A radiation detector for combined detection of X-rays and gamma rays has been described in U.S. Pat. No. 6,448,559 B1. The detector has a multi-layered structure with several layers arranged one behind another. The detector comprises a front scintillator layer for detecting X-rays and a rear scintillator layer for detecting gamma rays disposed behind the front scintillator layer. The multi-layered structure further includes a photosensor layer which is arranged at a back side of the rear scintillator layer opposite the front scintillator layer so as to detect scintillation photons generated in both the front and the rear scintillator layers. X-rays, due to their comparably low energy, are typically absorbed by the front scintillator layer which is arranged facing the X-ray source.
Scintillation light generated by the absorption of an X-ray in the front scintillator layer is passing through the rear scintillator layer before being detected by the photosensor. Thus, scintillation light emanating from the front scintillator layer is spread over a larger area thereby reducing spatial resolution of the X-ray CT image, e.g. by reduction of the modulation transfer function (MTF).
Document EP2180342A1 discloses an X-ray line sensor in which a scintillator layer that absorbs X-rays in a low-energy range and emits light, and a scintillator layer that absorbs X-rays in a high-energy range and emits light are brought in contact with each other.
Document US2008/011960A1 discloses a radiographic imaging apparatus for taking X-ray images of an object. In various two-panel radiographic imaging apparatus configurations, a front panel and back panel have substrates, arrays of signal sensing elements and readout devices, and passivation layers. The front and back panels have scintillating phosphor layers responsive to X-rays passing through an object produce light which illuminates the signal sensing elements to provide signals representing X-ray images.

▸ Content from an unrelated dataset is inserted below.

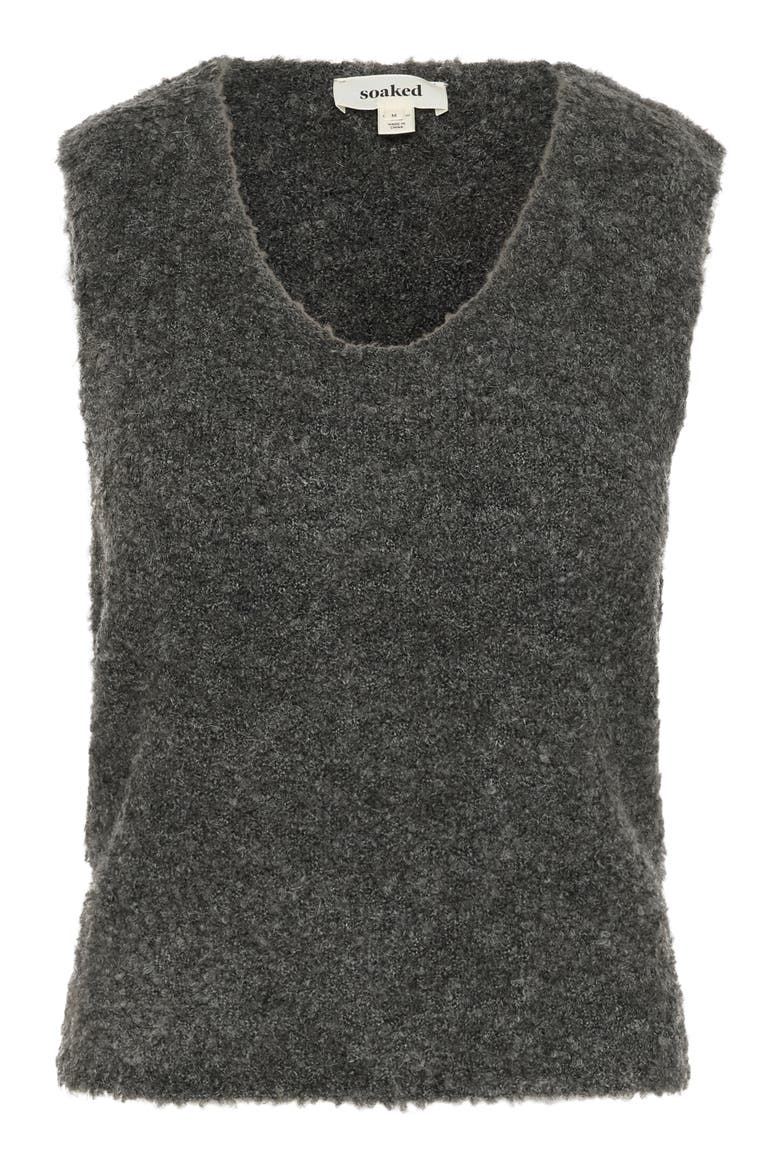 Slvenessa V-Neck Fluffy Knit Waistcoat, Alternate, color, Grey Melange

Document US2002/070365 discloses a system for spectroscopic imaging of bodily tissue in which a scintillation screen and a charged coupled device (CCD) are used to image selected tissue. An x-ray source generates x-rays which pass through a region of a subject's body, forming an x-ray image which reaches the scintillation screen.

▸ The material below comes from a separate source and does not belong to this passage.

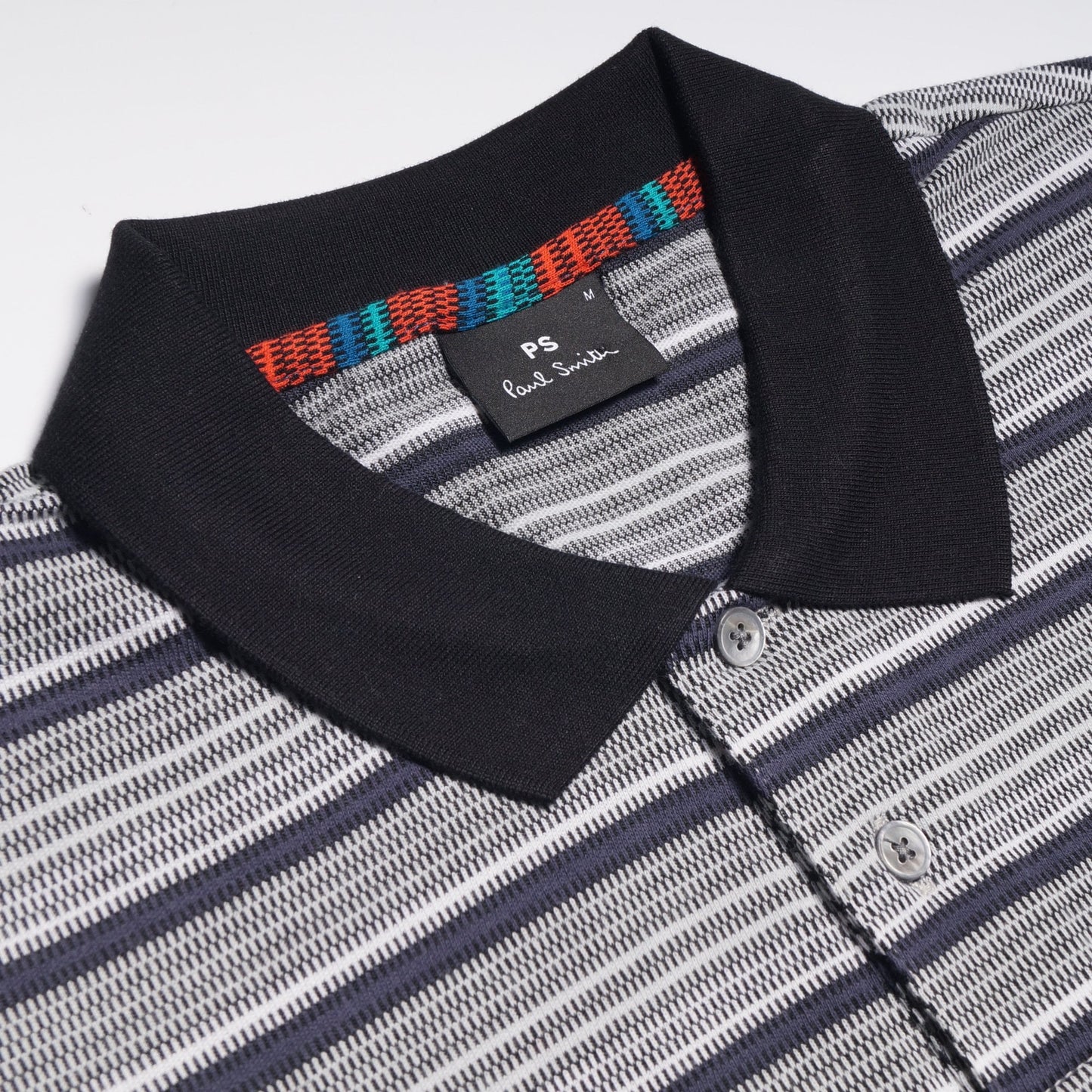 - Stripe Polo Shirt - Grey/White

Document US2013/126743 discloses a radiation detector that includes a scintillator layer, a first photoelectric conversion layer, a second photoelectric conversion layer, and one board or two boards. The first photoelectric conversion layer absorbs at least light of a first wavelength and converts the light to charges. The second photoelectric conversion layer absorbs more light of a second wavelength than of light of the first wavelength and converts the light to charges.